Reproducibility Variable Result LLM Response
Research Type Experimental Experimental results show that the existing models perform far below expectations (ACC of 49.4%-75.8%), After analysis, it was obtained that small dataset sizes, insufficient modality task coverage, and limited topic diversity resulted in poor generalization of multi-modal models. Our dataset effectively addresses these issues, and the CLIPND model fine-tuned with M 3EL shows a significant improvement in accuracy, with an average improvement of 9.3% to 25% across various tasks. [...] We conducted an ablation study, and the experimental results are presented in Figure 3.
Researcher Affiliation Academia 1Peking University 2Advanced Institute of Big Data,Beijing 3National University of Defense Technology 4Xinjiang University EMAIL, EMAIL, EMAIL, EMAIL, EMAIL
Pseudocode No The paper describes the data construction pipeline in Figure 1 but does not present it as structured pseudocode or an algorithm block.
Open Source Code No The footnote 1 links 'https://github.com/ww-ffff/M3EL' next to 'M 3EL1' when describing the data construction. This link pertains to the dataset, not explicitly the open-source code for the methodology, such as the CLIPND model or the augmented training strategy.

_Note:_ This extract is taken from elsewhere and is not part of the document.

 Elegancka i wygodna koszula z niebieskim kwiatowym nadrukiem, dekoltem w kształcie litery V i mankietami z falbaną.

Open Datasets Yes To address these obstacles, we propose a dataset construction pipeline and publish M 3EL, a large-scale dataset for MEL. M 3EL includes 79,625 instances, covering 9 diverse multi-modal tasks, and 5 different topics. [...] Our dataset publicly available to facilitate future research. [...] 1https://github.com/ww-ffff/M3EL
Dataset Splits Yes The M 3EL dataset has been divided into training, validation, and test sets in the ratio of 8:1:1.

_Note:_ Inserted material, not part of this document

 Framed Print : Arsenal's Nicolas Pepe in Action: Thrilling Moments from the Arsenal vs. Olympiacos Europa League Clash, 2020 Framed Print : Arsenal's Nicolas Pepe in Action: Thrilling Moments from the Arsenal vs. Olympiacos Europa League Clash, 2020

Hardware Specification Yes We trained on an A100 GPU with 40GB of memory with 35 epochs and a batch of 256.
Software Dependencies No The paper mentions employing the CLIP (Vi T-B-32) architecture and the AdamW optimizer but does not specify software versions for libraries like PyTorch or TensorFlow.
Experiment Setup Yes We trained on an A100 GPU with 40GB of memory with 35 epochs and a batch of 256. The Adam W optimizer was applied with an initial learning rate of 1e-5, betas=(0.9, 0.98), eps=1e-6, and weight decay=0.001.